Additional Datasets for ASR - cereal-d3v/LLM-ASR GitHub Wiki

Datasets for Automatic Speech Recognition (ASR)

In this section, we will cover some of the widely used datasets for training, evaluating, and developing ASR systems. Additionally, we will explore potential new datasets that can be leveraged for improving ASR performance, including diverse and multilingual datasets.

1. Mozilla Common Voice

Mozilla Common Voice is a free, multilingual speech dataset that is open to the public. It aims to help build better speech recognition systems for everyone, including underrepresented languages. The dataset is crowdsourced, which means anyone can contribute their voice by reading sentences aloud.

State of the Art:

Key Features:

  • Multilingual: Supports a wide range of languages, making it ideal for building ASR systems across different regions and dialects.
  • Diverse speakers: The dataset includes voice samples from people of varying ages, genders, and accents, contributing to the diversity and robustness of ASR models.
  • Open-source: The data is freely available and can be used for academic and commercial purposes.

Potential Use for ASR:

Mozilla Common Voice can be a valuable resource for improving the accuracy of ASR systems, especially for languages with limited available data. It also supports research into accent and dialect recognition, which could enhance the adaptability of ASR systems to diverse speech patterns.

Access:

Accessible here. Dataset can be downloaded in pieces and total dataset size is 83 GB.

2. WeNetSpeech

WeNetSpeech is a large-scale, open-source dataset for speech recognition and other speech-related tasks. It is designed to facilitate the development of both end-to-end ASR models and traditional pipeline models.

Key Features:

  • Massive dataset: Contains over 10,000 hours of transcribed speech data, making it one of the largest ASR datasets available.
  • Chinese speech: Primarily focused on Mandarin Chinese, it provides a valuable resource for developing state-of-the-art ASR models for this language.
  • High-quality annotations: The dataset is meticulously transcribed, ensuring high-quality training data for speech recognition tasks.

Potential Use for ASR:

WeNetSpeech can be particularly useful for developing ASR systems tailored to Mandarin Chinese. Given the scale of the dataset, it also offers opportunities for training robust models with high accuracy across different speech styles.

Access:

Accessible here

Download using Linux shell: bash utils/download_wenetspeech.sh DOWNLOAD_DIR UNTAR_DIR

Download using modelscope: 'conda create -n modelscope python=3.7 conda activate modelscope pip install torch pip install modelscope -f https://modelscope.oss-cn-beijing.aliyuncs.com/releases/repo.html '


3. ESC-50

ESC-50 is an environmental sound dataset consisting of 50 classes of sounds from everyday environments, such as animal noises, human activities, and natural phenomena.

Key Features:

  • 50 different sound categories: The dataset includes a variety of non-speech sounds, organized into categories like human, nature, and mechanical sounds.
  • 5-second clips: Each sound file is 5 seconds long, making it a useful dataset for detecting and identifying short, distinct sounds.
  • Balanced dataset: The number of examples for each category is balanced, ensuring fairness in training and evaluation.

Potential Use for ASR:

While ESC-50 is not a traditional ASR dataset, it could be useful for building models that need to differentiate between speech and non-speech sounds.
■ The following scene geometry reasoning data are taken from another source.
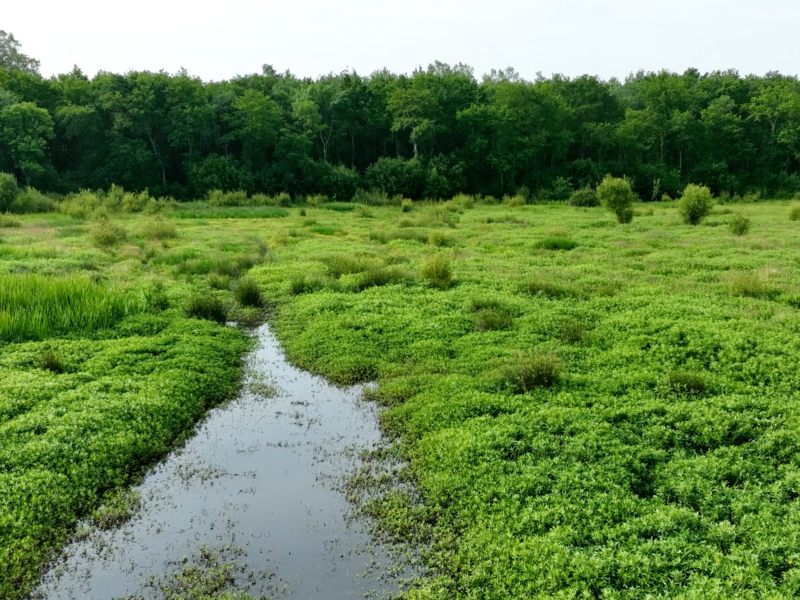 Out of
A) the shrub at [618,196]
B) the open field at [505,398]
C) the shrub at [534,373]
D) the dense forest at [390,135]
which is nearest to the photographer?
the open field at [505,398]

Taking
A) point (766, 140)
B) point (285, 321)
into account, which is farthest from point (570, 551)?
point (766, 140)

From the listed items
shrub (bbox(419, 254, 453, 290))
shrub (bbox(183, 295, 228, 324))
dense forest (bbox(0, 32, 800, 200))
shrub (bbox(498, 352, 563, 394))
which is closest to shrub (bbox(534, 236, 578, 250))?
shrub (bbox(419, 254, 453, 290))

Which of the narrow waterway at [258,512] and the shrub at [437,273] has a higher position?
the shrub at [437,273]

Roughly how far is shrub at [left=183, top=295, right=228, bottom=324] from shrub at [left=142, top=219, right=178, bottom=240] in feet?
42.9

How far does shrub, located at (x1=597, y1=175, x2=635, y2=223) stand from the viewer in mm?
28188

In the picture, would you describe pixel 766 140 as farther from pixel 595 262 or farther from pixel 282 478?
pixel 282 478

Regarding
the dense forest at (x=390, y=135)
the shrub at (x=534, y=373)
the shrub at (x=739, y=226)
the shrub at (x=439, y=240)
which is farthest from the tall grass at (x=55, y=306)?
the dense forest at (x=390, y=135)

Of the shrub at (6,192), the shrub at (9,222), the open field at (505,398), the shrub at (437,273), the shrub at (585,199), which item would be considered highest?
the shrub at (6,192)

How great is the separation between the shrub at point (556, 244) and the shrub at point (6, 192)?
31281mm

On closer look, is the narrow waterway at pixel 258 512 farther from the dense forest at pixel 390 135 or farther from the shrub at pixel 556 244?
the dense forest at pixel 390 135

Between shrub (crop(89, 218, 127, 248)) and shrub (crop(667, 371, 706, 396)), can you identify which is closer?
shrub (crop(667, 371, 706, 396))

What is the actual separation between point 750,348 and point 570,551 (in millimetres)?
6440

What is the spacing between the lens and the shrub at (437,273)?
52.1 ft

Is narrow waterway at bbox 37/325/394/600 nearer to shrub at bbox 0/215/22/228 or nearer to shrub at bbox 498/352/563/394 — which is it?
shrub at bbox 498/352/563/394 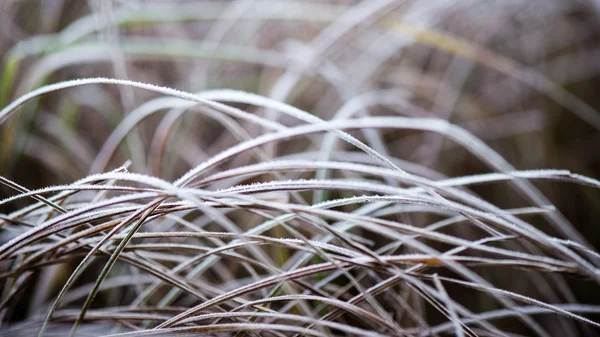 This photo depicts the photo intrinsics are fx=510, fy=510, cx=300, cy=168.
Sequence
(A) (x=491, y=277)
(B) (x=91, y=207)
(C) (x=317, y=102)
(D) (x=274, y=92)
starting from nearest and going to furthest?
1. (B) (x=91, y=207)
2. (D) (x=274, y=92)
3. (A) (x=491, y=277)
4. (C) (x=317, y=102)

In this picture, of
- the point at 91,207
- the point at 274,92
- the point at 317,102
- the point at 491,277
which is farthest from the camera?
the point at 317,102

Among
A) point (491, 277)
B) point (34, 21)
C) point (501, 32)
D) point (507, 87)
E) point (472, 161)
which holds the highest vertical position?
point (34, 21)

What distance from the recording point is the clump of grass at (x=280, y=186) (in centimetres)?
34

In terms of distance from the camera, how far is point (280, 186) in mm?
326

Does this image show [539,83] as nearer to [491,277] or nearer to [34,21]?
[491,277]

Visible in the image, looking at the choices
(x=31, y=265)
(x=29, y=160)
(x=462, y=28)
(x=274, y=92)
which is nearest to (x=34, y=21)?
(x=29, y=160)

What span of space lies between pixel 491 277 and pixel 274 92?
0.43 m

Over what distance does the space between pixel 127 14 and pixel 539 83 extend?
58 centimetres

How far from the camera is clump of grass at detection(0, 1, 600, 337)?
0.34 m

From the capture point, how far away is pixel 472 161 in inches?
34.5

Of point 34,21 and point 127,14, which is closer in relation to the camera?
point 127,14

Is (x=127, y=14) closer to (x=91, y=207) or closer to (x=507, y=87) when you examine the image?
(x=91, y=207)

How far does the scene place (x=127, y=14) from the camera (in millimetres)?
692

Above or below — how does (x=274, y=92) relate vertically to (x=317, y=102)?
below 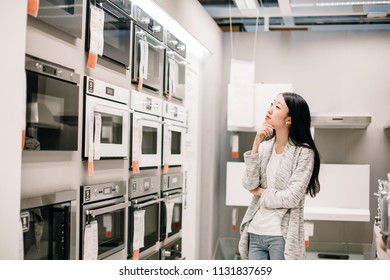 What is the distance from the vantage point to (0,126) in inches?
57.6

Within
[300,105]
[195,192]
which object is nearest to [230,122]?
[195,192]

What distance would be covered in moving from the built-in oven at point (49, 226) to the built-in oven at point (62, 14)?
1.92 feet

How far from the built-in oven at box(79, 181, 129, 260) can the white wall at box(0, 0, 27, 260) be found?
1.85 ft

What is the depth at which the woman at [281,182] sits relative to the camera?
198cm

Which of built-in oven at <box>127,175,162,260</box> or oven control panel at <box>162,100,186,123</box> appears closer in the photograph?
built-in oven at <box>127,175,162,260</box>

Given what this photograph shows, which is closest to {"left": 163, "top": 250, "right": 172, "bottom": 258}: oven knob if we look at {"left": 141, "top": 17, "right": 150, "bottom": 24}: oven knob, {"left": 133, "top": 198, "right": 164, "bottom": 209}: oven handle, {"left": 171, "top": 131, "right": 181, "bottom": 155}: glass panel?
{"left": 133, "top": 198, "right": 164, "bottom": 209}: oven handle

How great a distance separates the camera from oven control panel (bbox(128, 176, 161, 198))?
261cm

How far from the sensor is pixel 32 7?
5.31 ft

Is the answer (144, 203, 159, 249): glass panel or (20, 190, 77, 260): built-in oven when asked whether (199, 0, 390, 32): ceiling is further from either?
(20, 190, 77, 260): built-in oven

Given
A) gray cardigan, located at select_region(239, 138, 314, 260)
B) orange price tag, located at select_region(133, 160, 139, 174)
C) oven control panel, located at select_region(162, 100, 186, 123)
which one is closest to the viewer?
gray cardigan, located at select_region(239, 138, 314, 260)

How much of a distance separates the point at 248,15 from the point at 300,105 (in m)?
2.13

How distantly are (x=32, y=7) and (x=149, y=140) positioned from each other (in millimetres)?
1321

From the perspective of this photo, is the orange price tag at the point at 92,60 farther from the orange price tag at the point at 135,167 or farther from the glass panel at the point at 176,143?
the glass panel at the point at 176,143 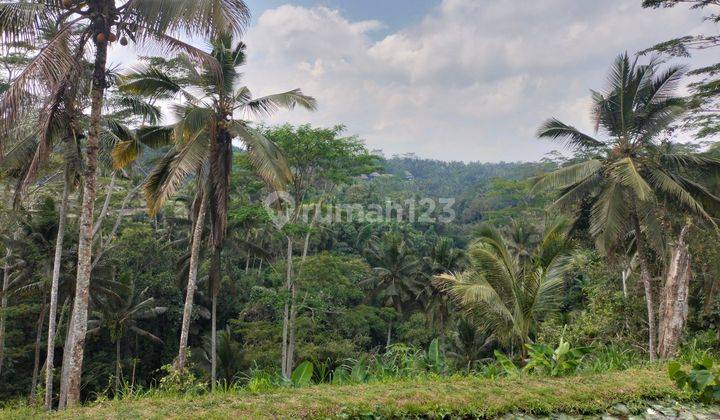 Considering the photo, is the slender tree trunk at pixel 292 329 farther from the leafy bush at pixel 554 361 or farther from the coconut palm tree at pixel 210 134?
the leafy bush at pixel 554 361

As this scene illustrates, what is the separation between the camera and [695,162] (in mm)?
10719

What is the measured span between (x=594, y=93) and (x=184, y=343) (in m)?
10.6

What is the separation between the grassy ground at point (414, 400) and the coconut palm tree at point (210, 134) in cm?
535

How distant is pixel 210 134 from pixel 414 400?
746cm

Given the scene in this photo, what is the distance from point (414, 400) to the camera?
516 centimetres

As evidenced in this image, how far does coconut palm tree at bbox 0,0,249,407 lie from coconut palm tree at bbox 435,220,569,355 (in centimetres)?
559

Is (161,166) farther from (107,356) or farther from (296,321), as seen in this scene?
(107,356)

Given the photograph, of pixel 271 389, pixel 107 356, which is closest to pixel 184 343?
pixel 271 389

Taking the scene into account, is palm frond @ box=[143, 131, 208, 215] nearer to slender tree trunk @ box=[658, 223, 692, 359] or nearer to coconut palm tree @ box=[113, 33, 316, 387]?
coconut palm tree @ box=[113, 33, 316, 387]

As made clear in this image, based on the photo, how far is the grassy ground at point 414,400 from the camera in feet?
15.5

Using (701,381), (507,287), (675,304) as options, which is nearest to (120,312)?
(507,287)

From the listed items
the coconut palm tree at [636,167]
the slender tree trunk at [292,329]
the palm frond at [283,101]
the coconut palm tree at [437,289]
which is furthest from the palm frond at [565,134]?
the coconut palm tree at [437,289]

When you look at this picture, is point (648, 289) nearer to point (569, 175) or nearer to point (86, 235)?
point (569, 175)

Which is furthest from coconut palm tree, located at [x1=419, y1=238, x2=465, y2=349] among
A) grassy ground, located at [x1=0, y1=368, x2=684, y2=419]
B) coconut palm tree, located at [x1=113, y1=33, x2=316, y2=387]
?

For example, it can help ASR systems learn to ignore background noise or to detect environmental sounds that could impact speech recognition quality.

Access:

Accessible here

Zip File Link (warning: 600 mb zip file that contains the whole dataset)

4. CHiME-5

CHiME-5 is a dataset in the CHiME series of datasets. CHiME datasets focus on voice samples with high levels of environmental noise or low fidelity, encouraging robustness in ASR research. Researchers developed CHiME-5 by simulating dinner party settings, recording audio using strategically placed X-Box Kinect microphones, resulting in a dataset of realistic speech, recorded using consumer-grade equipment.

Key Features:

  • Multi-channel recording: the dataset gives the user access to all Kinect recording channels of the simulated settings.

Potential Use for ASR:

CHiME presents a unique opportunity for finding edge cases produced by sound files with multiple voices in addition to the target voice. Likewise, the consumer-grade equipment reflects real-world use cases for ASRs.

Potential Future Directions

In addition to the above datasets, future ASR research can benefit from combining these datasets to create more robust models that perform well across different languages, dialects, and noisy environments. Some ideas for using these datasets include:

  • Multilingual ASR models using Mozilla Common Voice’s diverse language support.
  • Speech-enhanced ASR systems that incorporate environmental sound recognition using ESC-50, improving ASR performance in real-world settings.
  • Fine-tuning on large datasets like WeNetSpeech to develop models with higher accuracy and better generalization, especially for specific languages like Mandarin Chinese.

Access:

Accessible here


These datasets offer a broad range of opportunities for improving ASR systems. By leveraging a combination of these resources, it is possible to build more versatile and accurate ASR systems that work well across different environments and languages.